Machiavélique, l’utilisation de la peur a toujours été d’une redoutable efficacité. Dans le règne animal, l’homme ne dispose d’aucunes défenses ni de protection. Créature à la peau fragile, il se servira de sa logique et de son intelligence afin d’échapper à ses prédateurs, devenant par la force des armes, le plus grand des prédateurs.

Peur de l’inconnu

Une des armes contre ses semblables est la peur qu’il peut susciter en eux. La peur consiste à utiliser une menace avérée ou imaginaire contre laquelle on ne peut rien.

Le 30 octobre 1938, Orson Welles provoquait la panique avec son canular radiophonique diffusé dans la soirée sur CBS, s’inspirant de la guerre des mondes.

La peur avait envahi les auditeurs plus que les extraterrestres. L’histoire ne dit pas s’il y eût des morts. On rapporta une simple hystérie collective.

La peur terrorise.

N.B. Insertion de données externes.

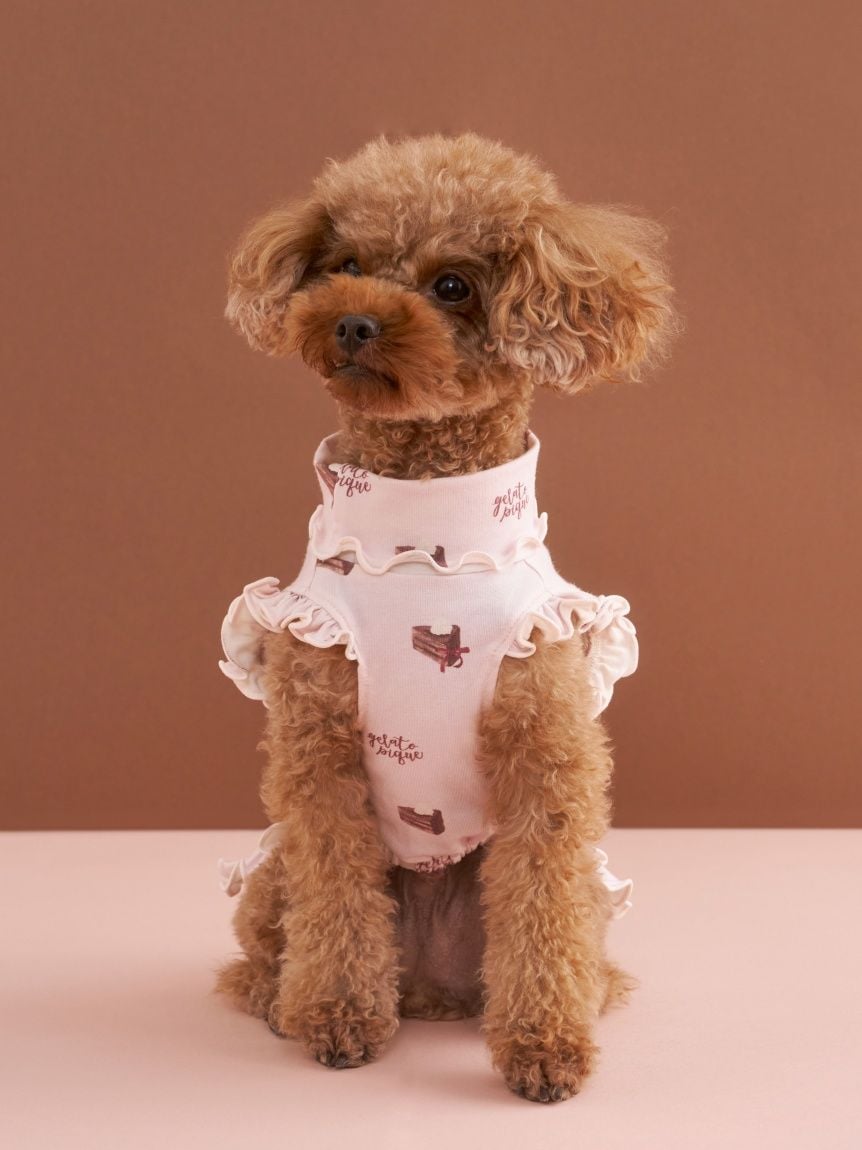 gelato pique（ジェラートピケ）【CAT&DOG】【販路限定商品】オータムケーキ柄プルオーバー｜全3色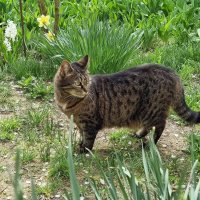 Охота-прогулка :) :: Наталья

Elle divise également. Il suffit de quelques mots comme gestes-barrière, distanciation sociale ou réglementaire, écran de protection. Barrières, distanciation, écran sont des concepts qui séparent plus qu’ils ne rapprochent. Nous souffrions déjà du cloisonnement social confinant chacun dans ses outils numériques, tablettes ou smartphones. Enfermons-nous encore plus intellectuellement ! Dans une société où la peur de la contamination savamment entretenue par les médias sera fortement ancrée en chacun, les réactions seront différentes selon le tempérament des uns et des autres.

Lorsqu’il sera question d’une reprise de vie économique sous contrôle, certains s’y soumettront de gré ou de force, d’autres refuseront de s’exposer au moindre risque. Les premiers seront tentés de juger les seconds de paresseux, de tire-au-flanc, voire de lâches dans des circonstances particulières. Peut-on reprocher à ces derniers d’avoir offert un terreau propice au germe de la peur ?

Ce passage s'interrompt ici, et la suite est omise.